State-run India Meteorological Department (IMD) predicted a “normal” monsoon rainfall up to 96% of the long-period average or LPA (error +/-5%) of 86.86 cm for 2023. The IMD expects the adverse impact of El Nino to be neutralised, HT reported, adding that the department follows different categorisations for rainfall in meteorological regions. For all-India measurements, there is a 35% probability of normal and a 29% possibility of below-normal monsoon this year, IMD said, adding that El Nino Southern Oscillation (ENSO) neutral conditions prevailed and El Nino was expected to develop in July.
Private forecaster Skymet Weather predicted “below normal” rainfall between June and September, citing a strengthening El Nino phenomenon. Climate models also warn of development of “super El Nino” by the end of 2023. The annual monsoon forecast is much awaited and both Skymet and IMD issue multiple forecasts. Early forecasts, including those of El Nino, tend to miss the target, as they are more accurate closer to the event.

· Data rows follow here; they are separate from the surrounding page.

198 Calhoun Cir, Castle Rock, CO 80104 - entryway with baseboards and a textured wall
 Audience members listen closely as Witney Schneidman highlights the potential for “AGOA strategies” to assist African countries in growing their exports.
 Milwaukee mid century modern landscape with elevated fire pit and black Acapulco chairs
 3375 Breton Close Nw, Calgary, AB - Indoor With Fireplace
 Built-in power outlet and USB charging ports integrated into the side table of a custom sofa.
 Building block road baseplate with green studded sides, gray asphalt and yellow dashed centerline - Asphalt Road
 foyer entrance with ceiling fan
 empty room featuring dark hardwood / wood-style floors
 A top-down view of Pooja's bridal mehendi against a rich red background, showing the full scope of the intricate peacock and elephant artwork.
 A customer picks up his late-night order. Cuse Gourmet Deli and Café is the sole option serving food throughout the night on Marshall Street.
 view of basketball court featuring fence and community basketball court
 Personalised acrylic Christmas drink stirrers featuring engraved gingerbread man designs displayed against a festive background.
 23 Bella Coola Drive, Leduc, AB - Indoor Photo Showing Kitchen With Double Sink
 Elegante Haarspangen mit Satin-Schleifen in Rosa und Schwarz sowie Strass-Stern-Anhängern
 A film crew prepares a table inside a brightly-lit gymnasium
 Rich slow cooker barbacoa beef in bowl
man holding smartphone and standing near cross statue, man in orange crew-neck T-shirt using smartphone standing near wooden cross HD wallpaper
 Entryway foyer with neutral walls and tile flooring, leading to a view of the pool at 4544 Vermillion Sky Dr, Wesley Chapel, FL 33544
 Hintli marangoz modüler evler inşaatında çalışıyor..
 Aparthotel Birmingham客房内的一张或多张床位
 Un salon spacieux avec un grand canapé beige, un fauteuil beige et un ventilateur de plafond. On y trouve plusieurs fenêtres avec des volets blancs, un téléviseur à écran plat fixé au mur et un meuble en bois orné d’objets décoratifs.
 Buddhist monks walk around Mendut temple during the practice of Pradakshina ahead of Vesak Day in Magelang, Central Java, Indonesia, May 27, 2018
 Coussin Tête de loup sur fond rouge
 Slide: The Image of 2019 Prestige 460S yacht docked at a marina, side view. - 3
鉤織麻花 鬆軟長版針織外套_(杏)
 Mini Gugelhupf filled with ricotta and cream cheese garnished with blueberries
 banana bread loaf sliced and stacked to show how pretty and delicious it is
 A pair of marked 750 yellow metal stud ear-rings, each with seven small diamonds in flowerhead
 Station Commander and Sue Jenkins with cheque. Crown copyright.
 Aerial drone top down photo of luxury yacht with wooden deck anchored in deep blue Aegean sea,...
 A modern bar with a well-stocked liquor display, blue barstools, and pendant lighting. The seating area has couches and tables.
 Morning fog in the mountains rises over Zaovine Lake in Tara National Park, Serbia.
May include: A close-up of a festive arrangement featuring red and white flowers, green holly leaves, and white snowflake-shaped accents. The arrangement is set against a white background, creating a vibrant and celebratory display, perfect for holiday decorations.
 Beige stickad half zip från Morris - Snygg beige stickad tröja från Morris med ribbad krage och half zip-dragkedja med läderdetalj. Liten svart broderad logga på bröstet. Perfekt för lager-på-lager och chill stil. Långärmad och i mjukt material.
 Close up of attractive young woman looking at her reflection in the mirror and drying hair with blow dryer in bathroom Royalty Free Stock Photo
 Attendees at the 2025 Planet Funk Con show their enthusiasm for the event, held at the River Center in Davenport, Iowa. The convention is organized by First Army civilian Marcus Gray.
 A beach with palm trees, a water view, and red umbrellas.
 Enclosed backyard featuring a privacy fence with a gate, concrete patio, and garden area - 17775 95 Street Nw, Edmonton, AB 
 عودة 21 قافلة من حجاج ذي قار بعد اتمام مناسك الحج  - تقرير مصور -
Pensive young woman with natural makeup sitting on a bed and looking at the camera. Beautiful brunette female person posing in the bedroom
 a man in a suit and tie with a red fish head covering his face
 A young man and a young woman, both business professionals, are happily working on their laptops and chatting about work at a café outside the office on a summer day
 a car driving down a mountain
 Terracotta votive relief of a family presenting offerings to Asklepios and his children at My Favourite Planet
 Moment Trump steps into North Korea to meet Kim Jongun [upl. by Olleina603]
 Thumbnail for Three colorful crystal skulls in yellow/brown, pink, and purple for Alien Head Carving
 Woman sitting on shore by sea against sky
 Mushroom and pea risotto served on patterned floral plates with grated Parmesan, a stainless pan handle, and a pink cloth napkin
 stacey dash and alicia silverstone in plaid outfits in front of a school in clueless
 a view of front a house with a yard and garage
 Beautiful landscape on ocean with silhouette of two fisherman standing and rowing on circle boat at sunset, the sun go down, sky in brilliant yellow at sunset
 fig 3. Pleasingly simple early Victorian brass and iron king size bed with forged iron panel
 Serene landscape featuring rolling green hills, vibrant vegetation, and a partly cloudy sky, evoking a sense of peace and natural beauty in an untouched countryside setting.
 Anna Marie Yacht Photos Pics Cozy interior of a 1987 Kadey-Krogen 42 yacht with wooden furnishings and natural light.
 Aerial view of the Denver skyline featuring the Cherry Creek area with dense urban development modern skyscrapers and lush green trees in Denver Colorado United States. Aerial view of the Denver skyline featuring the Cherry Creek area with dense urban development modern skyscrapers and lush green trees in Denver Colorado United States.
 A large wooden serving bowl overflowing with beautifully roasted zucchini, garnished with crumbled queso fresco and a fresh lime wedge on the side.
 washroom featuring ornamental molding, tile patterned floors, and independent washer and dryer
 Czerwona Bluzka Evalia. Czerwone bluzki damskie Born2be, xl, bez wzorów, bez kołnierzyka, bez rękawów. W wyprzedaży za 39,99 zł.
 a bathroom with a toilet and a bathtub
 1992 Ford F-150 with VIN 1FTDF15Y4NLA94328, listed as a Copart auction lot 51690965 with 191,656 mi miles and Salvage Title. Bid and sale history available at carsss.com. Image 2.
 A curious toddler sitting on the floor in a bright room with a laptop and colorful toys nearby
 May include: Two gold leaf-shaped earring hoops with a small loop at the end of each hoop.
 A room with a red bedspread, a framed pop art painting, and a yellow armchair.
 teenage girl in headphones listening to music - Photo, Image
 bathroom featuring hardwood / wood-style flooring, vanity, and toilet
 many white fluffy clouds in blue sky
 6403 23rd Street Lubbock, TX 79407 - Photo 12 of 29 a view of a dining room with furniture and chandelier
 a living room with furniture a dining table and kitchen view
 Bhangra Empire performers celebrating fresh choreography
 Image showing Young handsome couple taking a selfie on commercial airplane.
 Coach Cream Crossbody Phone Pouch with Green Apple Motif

Most heat action plans in India underfunded, lack local context: Report
A new report by the Centre for Policy Research (CPR) assessed 37 heat action plans (HAPs) across 18 states in India to understand how well prepared the country is to deal with heat waves. Most HAPs are not built for local context and have a simplified view with a general focus on dry extreme heat. Only 10 out of 37 HAPs reviewed seem to establish locally defined temperature thresholds, although it is unclear whether they take local risk multipliers, such as humidity, hot nights, and duration of continuous heat among others, into account to declare a heatwave. The plans are also underfunded and poor at identifying and targeting vulnerable groups. Only two of 37 HAPs explicitly carry out and present vulnerability assessments and only 11 of 37 HAPs discuss funding sources. HAPs are India’s primary policy response to economically damaging and life-threatening heat waves.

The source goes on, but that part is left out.